A memória da humanidade para os sofrimentos passados é surpreendentemente curta. A sua imaginação para os possíveis sofrimentos futuros é ainda menor. É esta insensibilidade que temos que combater. Pois a humanidade é ameaçada por guerras que não têm em conta as esperiências anteriores. E essas guerras terão lugar se àqueles que as preparam não lhes forem cortadas as mãos. Bertold Brecht, 1952, citado no final de Antigone ou Die Antigone des Sophokles nach der Hölderlinschen Übertragung für die Bühne bearbeiteit von Brecht 1948 

O tempo do verbo

Na conversa com Michelle Porte que acompanha a edição de O Camião , Marguerite Duras diz: é o primeiro filme que faço, e talvez o primeiro filme que se faz, onde o texto suporta tudo .  Mas neste texto/filme a questão gramatical é tão crucial que, creio, pode-se ir mais longe e dizer que é o único filme feito no condicional lúdico ou futuro hipotético — como as brincadeiras das crianças.

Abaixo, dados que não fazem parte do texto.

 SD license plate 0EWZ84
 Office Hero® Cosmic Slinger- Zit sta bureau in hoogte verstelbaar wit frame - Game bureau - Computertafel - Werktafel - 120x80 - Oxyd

Uma palavrinha dos nossos patrocinadores

Uma nota no jornal: «Meio século depois da Revolução, ainda não há igualdade de oportunidades entre homens e mulheres. Este é o grande tema do aniversário do PÚBLICO, no ano em que se celebram os 50 anos de Abril. (...) A edição desse dia, quando fazemos 34 anos, tem como directora convidada Maria Teresa Horta.» E logo a seguir: «Com o apoio de BIG - Banco de Investimento Global.»
Vinha do supermercado com um saco de compras quando começou a chover intensamente. Do outro lado da avenida, umas pessoas correram para se abrigarem debaixo da pala do edifício junto à bomba de gasolina. Atravessei, mas quando lá cheguei tinham desaparecido. O vento era tão forte que virou o meu guarda-chuva ao contrário e já estava com as botas e as calças todas molhadas quando alguém abriu a porta e me chamou: — Entre, abrigue-se aqui.  Entrei. No pequeno átrio do edifício estavam seis pessoas (três mulheres e três homens) de roupas escuras, os cabelos molhados, a olhar para a chuva através dos vidros embaciados; de vez em quando diziam alguma coisa. E eu pensei: — Caramba, isto parece mesmo o princípio de um filme.

Andar em círculos

Fomos ao Trindade rever Underground , de Kusturica. Na minha memória, era o último filme do realizador que ainda valia a pena ter em conta. Meia desilusão. O último terço do filme já anuncia o Kusturica grotesco, reaccionário, ubuesco, no pior dos sentidos. Tinha bons motivos para ter esquecido essa parte. Há, no entanto, uma cena que quero reter: a cadeira de rodas com os corpos dos velhos amantes em chamas, às voltas, sem parar, em torno de um crucifixo com o Cristo tombado. Pouco importa o que está imediatamente antes e o que vem depois. Quero fixar apenas essa cena. Lembra-me a carrinha a rodar em círculos, sem ninguém ao volante, de Os Anões Também Começaram Pequenos , de Herzog. Ou os carros na rotunda em Playtime , de Tati. Mas uma cadeira de rodas em chamas à volta de um crucifixo mutilado é outra coisa. É a imagem do relógio do mundo, movido a ódio, cegueira e violência.